Early February NVIDIA released OptiX 6.0, the first version of OptiX with support for Turing GPUs and RT Cores. With the help of the new SDK developers can finally take advantage of hardware accelerated ray tracing targeting RTX graphics cards. In this article we measure the performance improvement of the RTX enabled/disabled mode in a simple ray casting application, plus, the Fermat library also gets re-tested with the trio of GTX 1080 Ti, Titan V and RTX 2080 Ti. OTOY have also updated its OctaneBench with experimental support to put RT Cores inside Turing to good use and speed-up rendering. Let's cast some rays!
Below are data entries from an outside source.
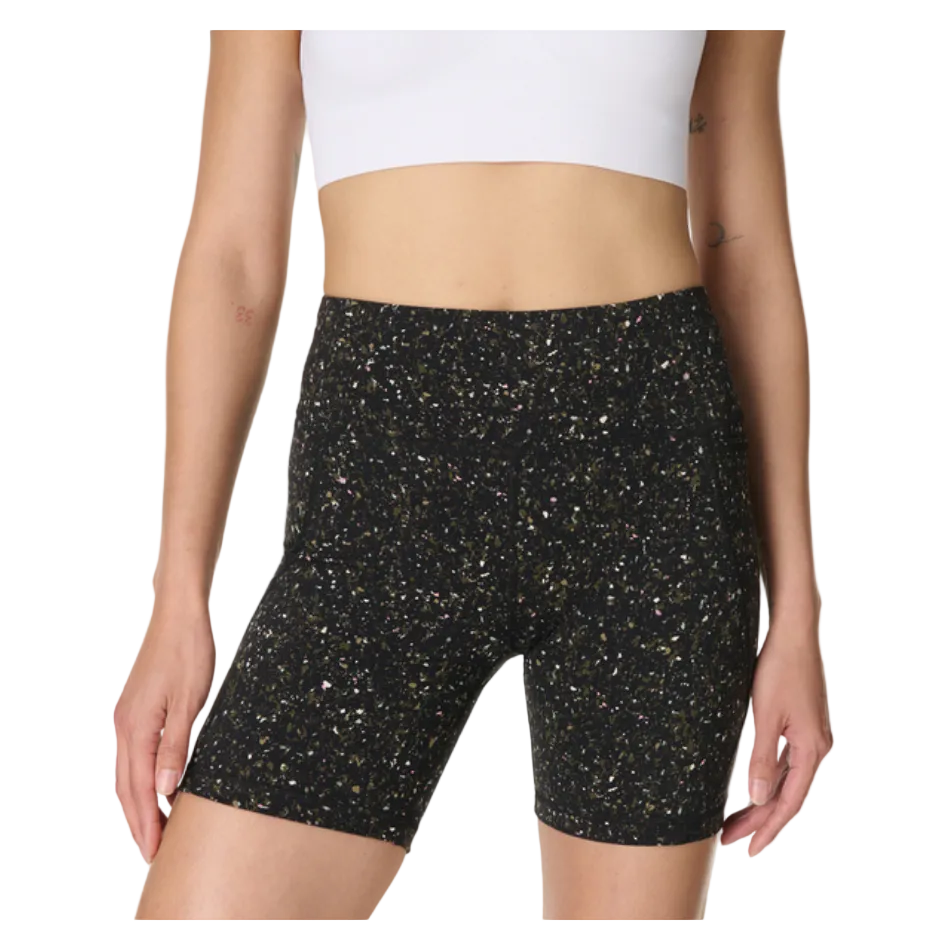 Sweaty Betty Power 6" Biker Shorts in Green Ditsy/Terrain Print SS26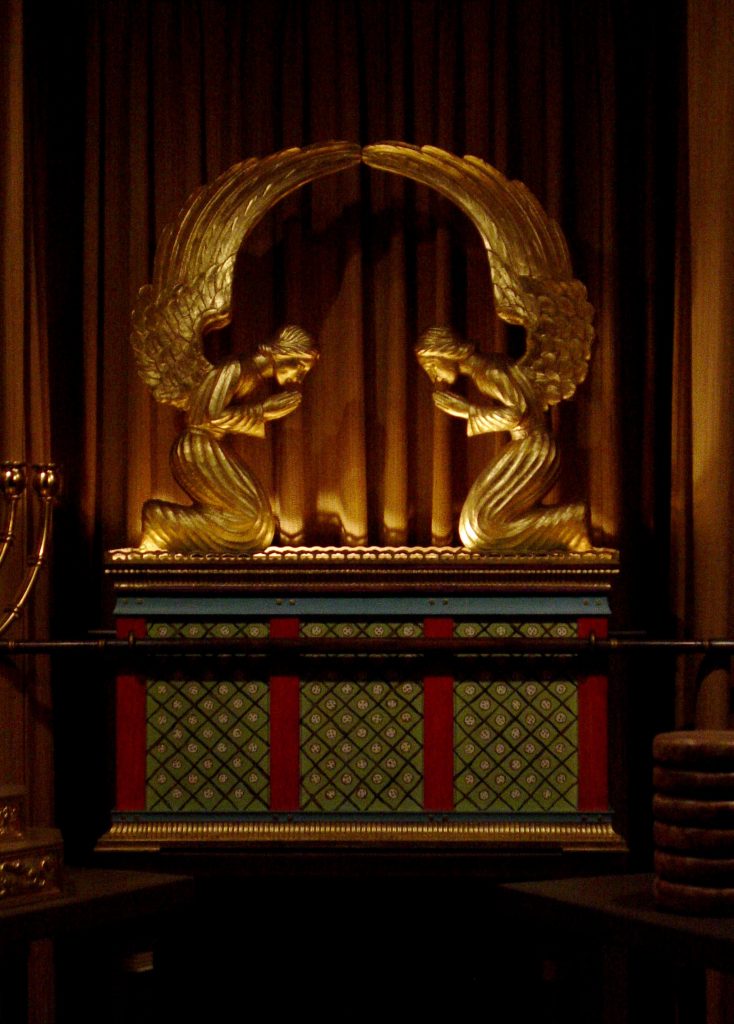 Ark of the Covenant - Royal Arch Room Replica - from Wikipedia Commons - https://commons.wikimedia.org/wiki/File:Royal_Arch_Room_Ark_replica_2.jpg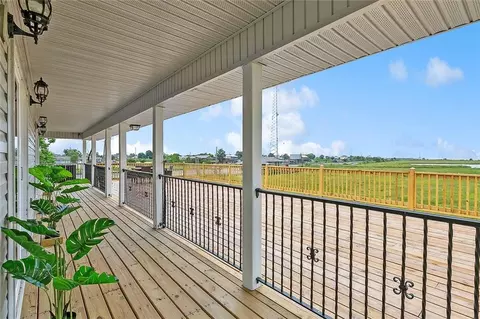 Exterior - 104 Carr Dr, Slidell, LA 70458 photo 3 of 7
OptiX 6.0 introduces API changes to the programming interface and a new "RTX execution strategy" as well. With the new execution model OptiX can utilize the RT Cores inside the Turing RTX GPUs for BVH traversal and triangle intersection. Previous generation Maxwell and Pascal GPUs might also benefit from the new "RTX execution strategy". To test out the new features we run the optixMeshViewer application found in the OptiX SDK in RTX disabled/enabled configurations at 8k resolution. The optixMeshViewer sample provides command line argument control (--no-triangle-api) to choose between the new "RTX execution strategy" or the old "mega-kernel" model. The app casts primary rays and utilizes a simple phong material with a single shadow casting light.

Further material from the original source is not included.